Lines from the line with "Elegant monochrome drawing" to the line with "Chiclete Trident Max" in the entries below, and only those, must be output exactly, with both ends included.

──────── DATA TO PROCESS

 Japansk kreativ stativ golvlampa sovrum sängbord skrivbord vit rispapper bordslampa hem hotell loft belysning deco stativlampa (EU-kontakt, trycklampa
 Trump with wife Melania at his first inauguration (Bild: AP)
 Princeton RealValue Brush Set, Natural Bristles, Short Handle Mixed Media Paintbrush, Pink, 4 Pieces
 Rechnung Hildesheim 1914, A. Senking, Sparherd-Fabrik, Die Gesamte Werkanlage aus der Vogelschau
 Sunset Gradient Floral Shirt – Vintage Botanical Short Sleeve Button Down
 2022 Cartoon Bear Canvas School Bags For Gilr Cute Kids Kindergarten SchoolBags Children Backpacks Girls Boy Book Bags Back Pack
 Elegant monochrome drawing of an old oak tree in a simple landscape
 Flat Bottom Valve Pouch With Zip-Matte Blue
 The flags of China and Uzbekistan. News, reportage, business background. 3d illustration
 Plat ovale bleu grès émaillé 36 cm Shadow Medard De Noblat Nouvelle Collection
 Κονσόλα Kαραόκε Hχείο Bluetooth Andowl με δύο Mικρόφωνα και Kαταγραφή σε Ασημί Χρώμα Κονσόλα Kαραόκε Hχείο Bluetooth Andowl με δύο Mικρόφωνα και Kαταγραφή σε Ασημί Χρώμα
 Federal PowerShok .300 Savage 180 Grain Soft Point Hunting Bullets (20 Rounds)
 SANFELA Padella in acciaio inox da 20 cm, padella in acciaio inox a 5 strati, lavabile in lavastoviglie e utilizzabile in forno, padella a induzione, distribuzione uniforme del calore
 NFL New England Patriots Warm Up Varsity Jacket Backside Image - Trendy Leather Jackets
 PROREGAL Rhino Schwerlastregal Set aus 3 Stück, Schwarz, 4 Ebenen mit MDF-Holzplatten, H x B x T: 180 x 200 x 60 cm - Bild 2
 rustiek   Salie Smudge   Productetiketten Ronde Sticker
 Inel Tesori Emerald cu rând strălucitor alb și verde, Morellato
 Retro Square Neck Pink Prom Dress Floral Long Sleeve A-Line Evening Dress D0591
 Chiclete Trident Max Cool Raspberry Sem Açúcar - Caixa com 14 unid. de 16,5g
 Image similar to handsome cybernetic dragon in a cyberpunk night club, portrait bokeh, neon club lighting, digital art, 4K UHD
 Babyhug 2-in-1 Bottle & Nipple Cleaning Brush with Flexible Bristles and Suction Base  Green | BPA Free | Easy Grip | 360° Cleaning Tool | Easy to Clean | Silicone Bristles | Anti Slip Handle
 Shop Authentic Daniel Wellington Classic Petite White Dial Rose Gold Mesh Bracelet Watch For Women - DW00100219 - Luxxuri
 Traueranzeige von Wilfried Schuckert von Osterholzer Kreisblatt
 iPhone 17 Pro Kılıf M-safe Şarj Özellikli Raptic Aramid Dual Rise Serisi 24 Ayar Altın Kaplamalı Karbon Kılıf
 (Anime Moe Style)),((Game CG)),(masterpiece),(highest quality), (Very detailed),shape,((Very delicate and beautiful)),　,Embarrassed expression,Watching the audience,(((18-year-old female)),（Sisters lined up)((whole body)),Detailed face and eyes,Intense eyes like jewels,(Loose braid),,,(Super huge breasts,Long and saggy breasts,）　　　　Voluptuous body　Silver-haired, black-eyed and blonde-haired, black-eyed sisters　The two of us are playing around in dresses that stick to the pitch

────────────────

__SOLUTION FOR THIS PROBLEM__:
 Elegant monochrome drawing of an old oak tree in a simple landscape
 Flat Bottom Valve Pouch With Zip-Matte Blue
 The flags of China and Uzbekistan. News, reportage, business background. 3d illustration
 Plat ovale bleu grès émaillé 36 cm Shadow Medard De Noblat Nouvelle Collection
 Κονσόλα Kαραόκε Hχείο Bluetooth Andowl με δύο Mικρόφωνα και Kαταγραφή σε Ασημί Χρώμα Κονσόλα Kαραόκε Hχείο Bluetooth Andowl με δύο Mικρόφωνα και Kαταγραφή σε Ασημί Χρώμα
 Federal PowerShok .300 Savage 180 Grain Soft Point Hunting Bullets (20 Rounds)
 SANFELA Padella in acciaio inox da 20 cm, padella in acciaio inox a 5 strati, lavabile in lavastoviglie e utilizzabile in forno, padella a induzione, distribuzione uniforme del calore
 NFL New England Patriots Warm Up Varsity Jacket Backside Image - Trendy Leather Jackets
 PROREGAL Rhino Schwerlastregal Set aus 3 Stück, Schwarz, 4 Ebenen mit MDF-Holzplatten, H x B x T: 180 x 200 x 60 cm - Bild 2
 rustiek   Salie Smudge   Productetiketten Ronde Sticker
 Inel Tesori Emerald cu rând strălucitor alb și verde, Morellato
 Retro Square Neck Pink Prom Dress Floral Long Sleeve A-Line Evening Dress D0591
 Chiclete Trident Max Cool Raspberry Sem Açúcar - Caixa com 14 unid. de 16,5g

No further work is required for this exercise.